HYDRO 2016 Paper 4A1

Comparison and characteristics of oceanographic in situ measurements and simulations above submerged sand waves in a tidal inlet

Ingo Hennings, Dagmar Herbers


Ocean colour and its transparency are related to turbidity caused by substances in water like organic and inorganic material. One of the essential climate variables (ECV) is ocean colour. However, this implies the correct interpretation of observed water quality parameters. Acoustic Doppler Current Profiler (ADCP) data of the three-dimensional current-field, echo intensity, modulation of suspended sediment concentration (SSC), and related water levels and wind velocities have been analysed as a function of water depth above submerged asymmetric compound sand waves during a tidal cycle in the Lister Tief of the German Bight in the North Sea.
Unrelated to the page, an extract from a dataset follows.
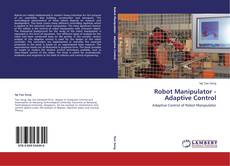 Buchcover von Robot Manipulator - Adaptive Control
Signatures of vertical current component, echo intensities and calculated SSC modulations in the water column depend strongly on wind and current velocity. Bursts of vertical current component and echo intensity are triggered by sand waves itself as well as by superimposed megaripples due to current wave interaction at high current ≥ 1.0 m s-1 and wind speeds ≥ 10.0 m s-1, preferably of opposite directions, measured at high spatial resolution. The magnitude of currents and SSC modulations during ebb and flood tidal current phases are only weakly time dependent, whereas the local magnitudes of these parameters are variable in space above the sand waves. Intense ejections caused by tidal current velocity transport higher SSC near the bottom boundary layer at the sand waves superimposed by megaripples towards the free water surface. Such typical upwelling mechanism above sand waves creates distinct SSC signatures of remote sensing data visible in air- and space-borne optical imagery. Hydrodynamic parameters such as dynamic buoyancy density, total energy density and action density due to semi-diurnal M2 tide motion which are associated with sand waves are investigated and analysed. Results and characteristics of simulated hydrodynamic parameters in coastal waters above sand waves are presented. It is shown that ADCP measurements are to be consistent with simulations based on the applied theory.